_Task prompt:_
Up to and including the line holding "Foișor de grădină", write out the data exactly from its first line, but not the pictures.

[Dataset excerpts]

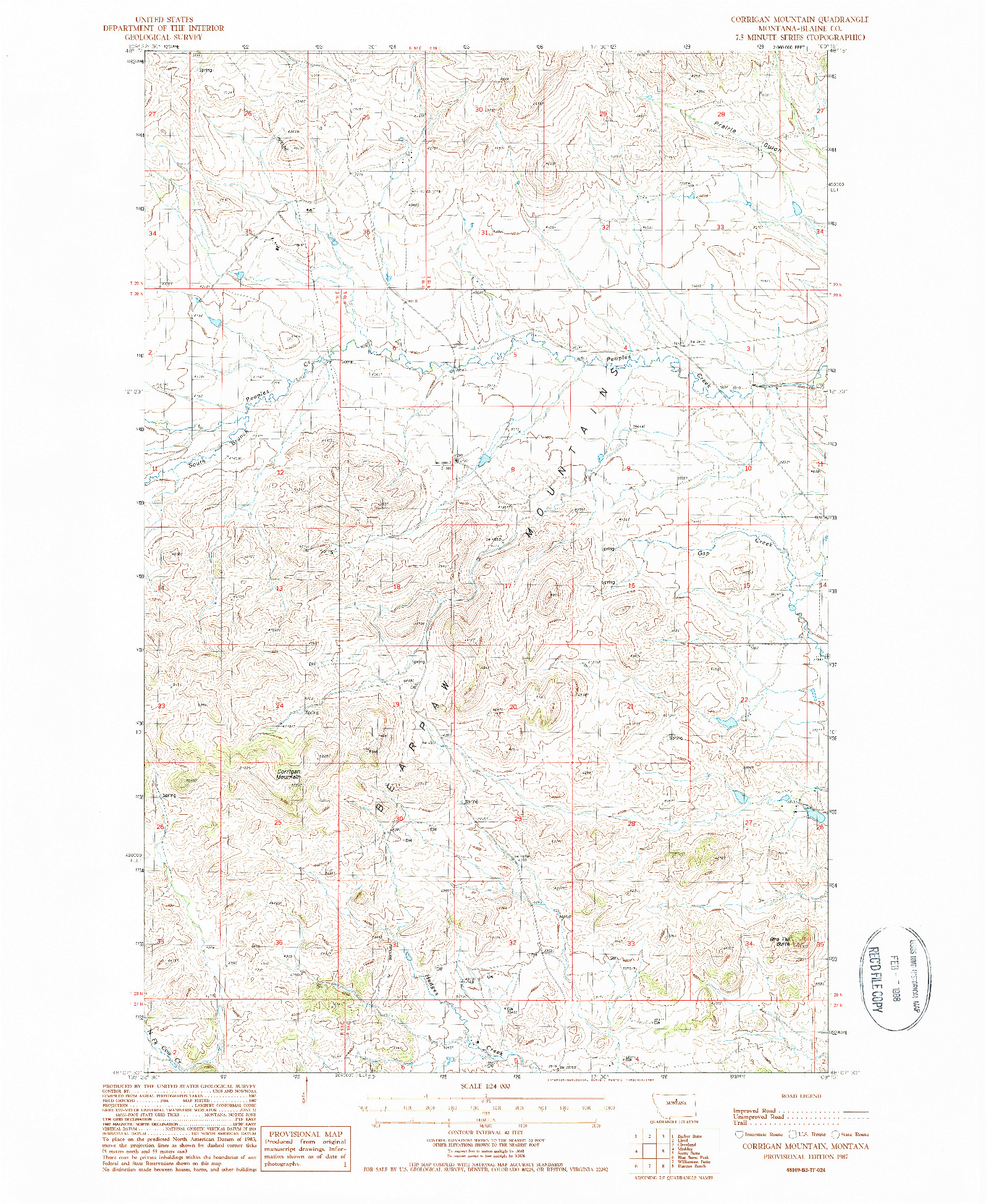 USGS 1:24000-SCALE QUADRANGLE FOR CORRIGAN MOUNTAIN, MT 1987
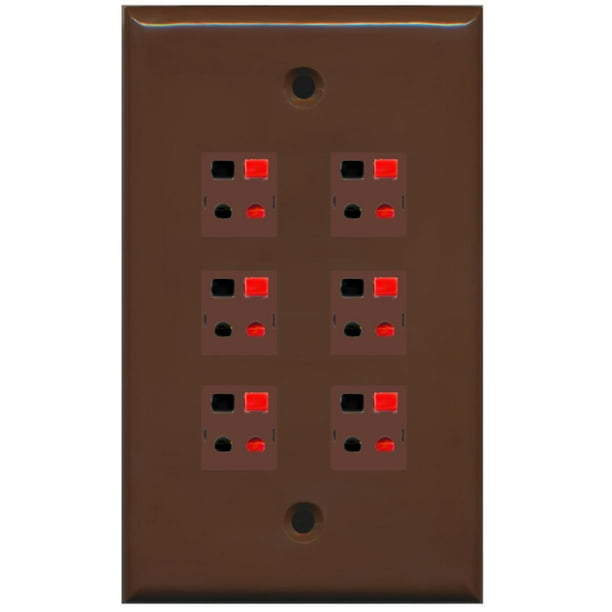 RiteAV 6 Port Speaker Jack Single Gang Wall Plate for Home Theater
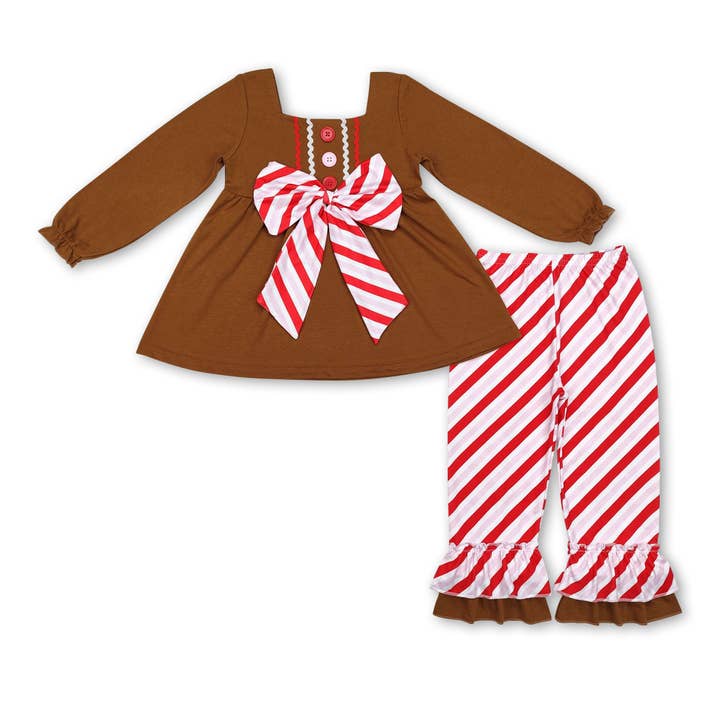 Yawoo Garments - Wholesale Dress - Kids - Long sleeves bow ruffle gingerbread girls Christmas dress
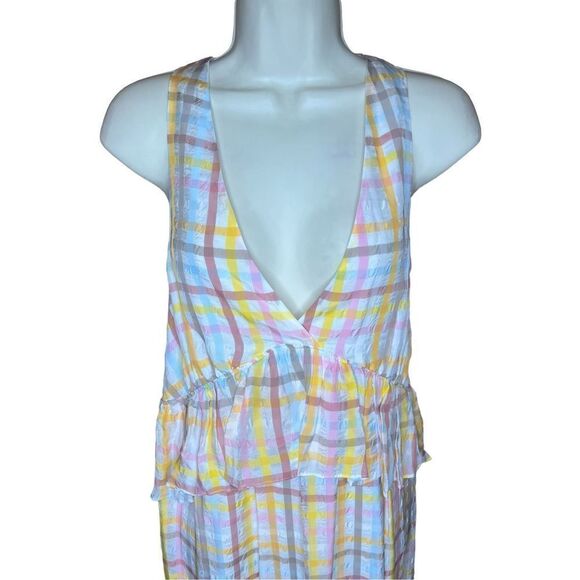 Cinq a Sept Astor White Multi Tiered Multi Dress NWT Size 14 - Picture 7 of 11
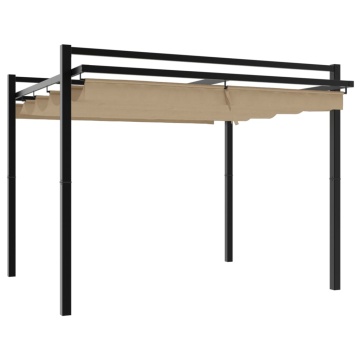 Foișor de grădină acoperiș retractabil gri taupe 3x3 m aluminiu - Img 2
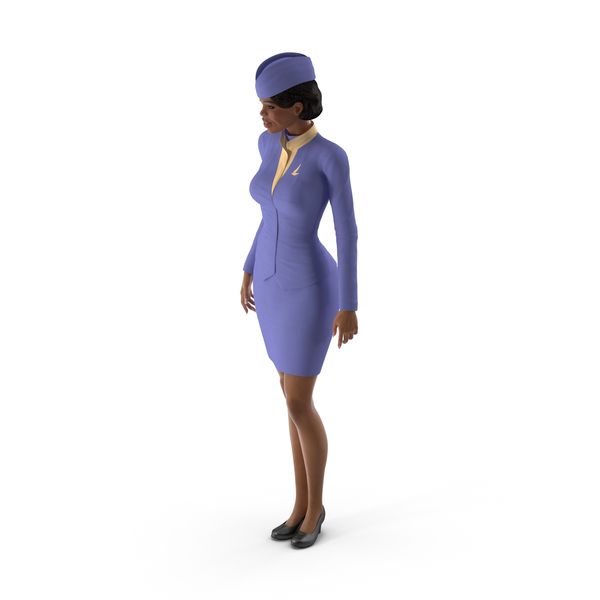Woman: Light Skin Black Stewardess Standing Pose PNG & PSD Images Woman: Light Skin Black Stewardess Standing Pose PNG & PSD Images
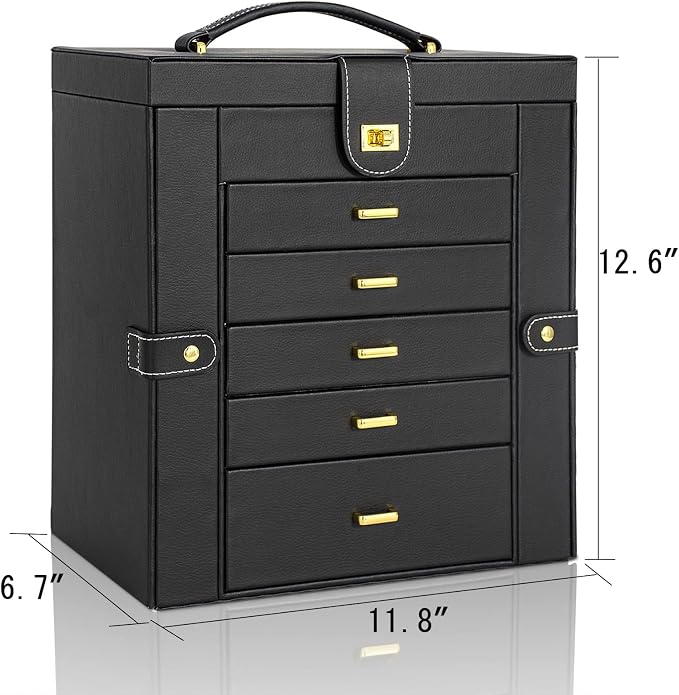AKOZLIN Huge Jewelry Box Organizer Functional Extra Large Leather Jewelry Storage Case for Women Girls Ring Necklace Earring Bracelet Holder Organizer with Mirror Black - Image 8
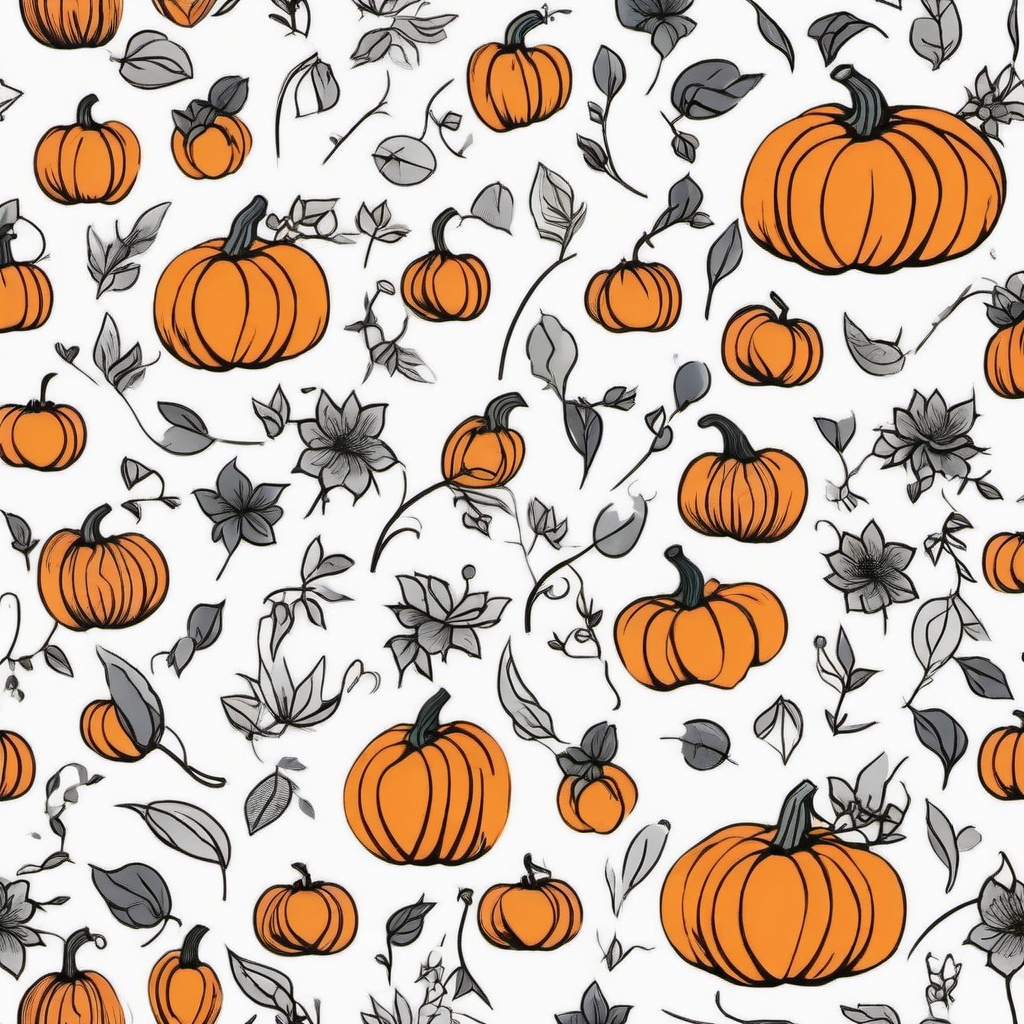 Pumpkin Tattoo Designs - Various designs for tattoos featuring pumpkins.  simple color tattoo,minimalist,white background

_Task solution:_
 USGS 1:24000-SCALE QUADRANGLE FOR CORRIGAN MOUNTAIN, MT 1987
 RiteAV 6 Port Speaker Jack Single Gang Wall Plate for Home Theater
 Yawoo Garments - Wholesale Dress - Kids - Long sleeves bow ruffle gingerbread girls Christmas dress
 Cinq a Sept Astor White Multi Tiered Multi Dress NWT Size 14 - Picture 7 of 11
 Foișor de grădină acoperiș retractabil gri taupe 3x3 m aluminiu - Img 2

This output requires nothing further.